### MATERIAL FOR THIS TASK

++++++++

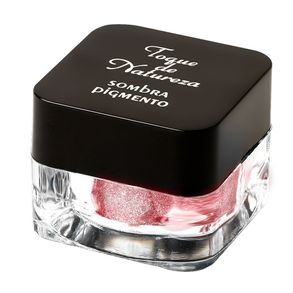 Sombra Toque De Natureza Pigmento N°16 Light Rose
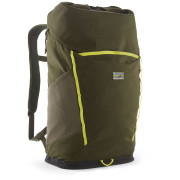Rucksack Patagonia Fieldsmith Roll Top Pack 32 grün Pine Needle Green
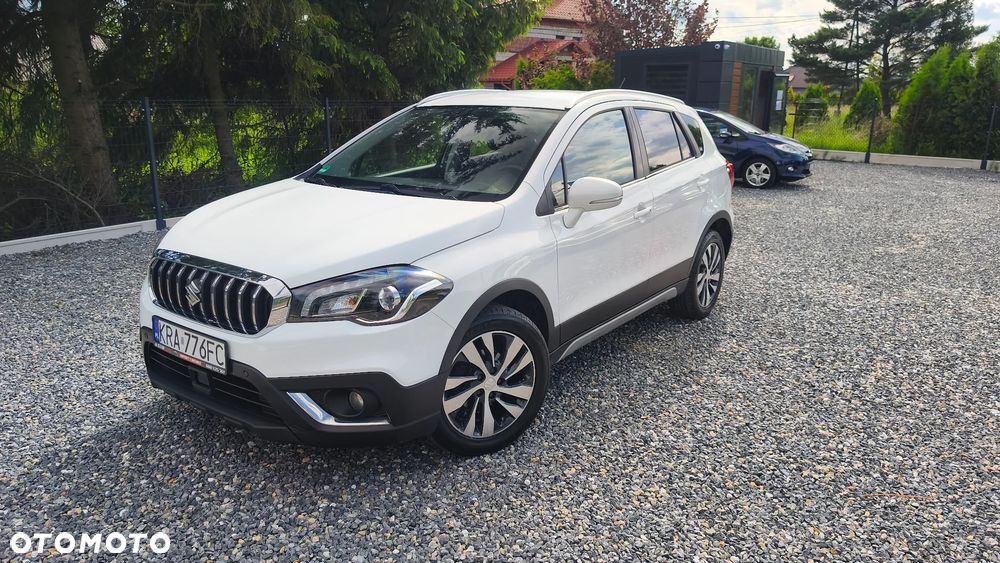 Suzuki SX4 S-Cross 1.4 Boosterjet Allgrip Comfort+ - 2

++++++++

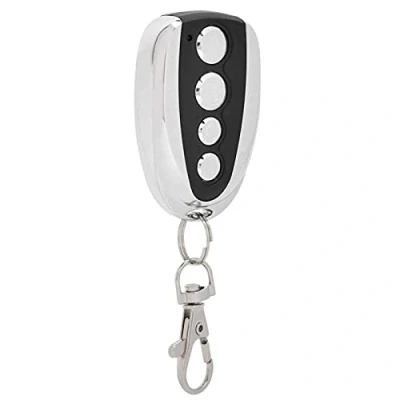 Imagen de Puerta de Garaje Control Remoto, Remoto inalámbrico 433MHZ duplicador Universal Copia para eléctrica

++++++++

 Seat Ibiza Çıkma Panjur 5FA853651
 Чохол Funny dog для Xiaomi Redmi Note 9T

++++++++

### WHAT THE EXERCISE ASKS
Copy out exactly the lines above beginning with the line that contains "Sombra Toque De" and finishing with the line that contains "Suzuki SX4 S-Cross", including both; leave the pictures out.

### EXERCISE SOLUTION
 Sombra Toque De Natureza Pigmento N°16 Light Rose
Rucksack Patagonia Fieldsmith Roll Top Pack 32 grün Pine Needle Green
 Suzuki SX4 S-Cross 1.4 Boosterjet Allgrip Comfort+ - 2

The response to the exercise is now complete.